Yet most Malaysians still consider the elections and the electoral process as important features of our constitutional system of government; not least because it is the one remaining democratic institution that is still beyond the grip of the Executive. Here, the unpredictable can still occur, at least at the constituency level, if not at the state level.

Five different election laws and regulations are currently in place in the country. These are the:

  • Election Act 1958;
  • Election Offences Act 1954;
  • Election Commission Act 1957;
  • Elections (Conduct of Elections) Regulations 1981; and
  • Elections (Registration of Electors) Regulations 1974.

The Acts are statutory or primary laws which require parliament’s assent while the Regulations are secondary laws which do not necessarily require parliamentary assent. Apart from these, various parts of the Federal Constitution are also concerned with electoral matters. Articles 48-54 discuss the workings of Parliament and the Members of Parliament; articles 113-120 discuss the specificities of Malaysia’s first-past-the-post or simple majority electoral system including the role of the Elections Commission (SPR); while the 13th Schedule (added to the Constitution in 1962) contains principles for the de-lineation of constituencies including the controversial concept of “rural weightage”.

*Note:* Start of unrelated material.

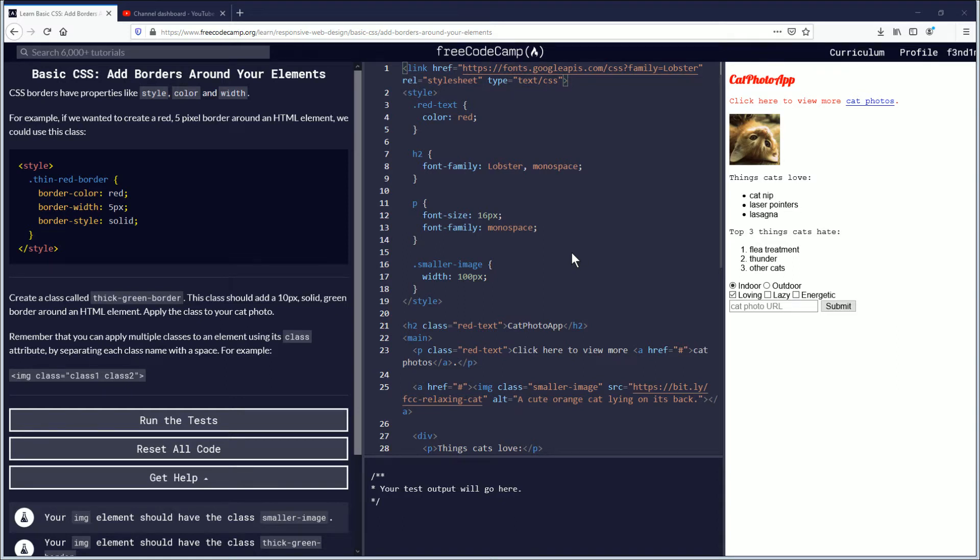Hello, my name is Findimus. In this video we are going to be learning about adding borders around your elements with basic CSS. If you want to follow along, link is in the description down below. Let's begin.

There also used to be laws for conducting local authority elections which used to be a feature of Malaysia’s democracy in the 1950s up to the early 1960s. Ostensibly because of konfrontasi with Indonesia, all local government elections were suspended in 1964. Despite calls by the opposition, as well as by the Athi Nahappan Royal Commission of Enquiry set up by the government to look into the workings of local authorities, for the re-introduction of local elections, these were abolished through an Act of Parliament in 1974. Significantly, the opposition used to win many of these local government elections not only in the new villages but in major towns like Georgetown, Ipoh and Malacca too.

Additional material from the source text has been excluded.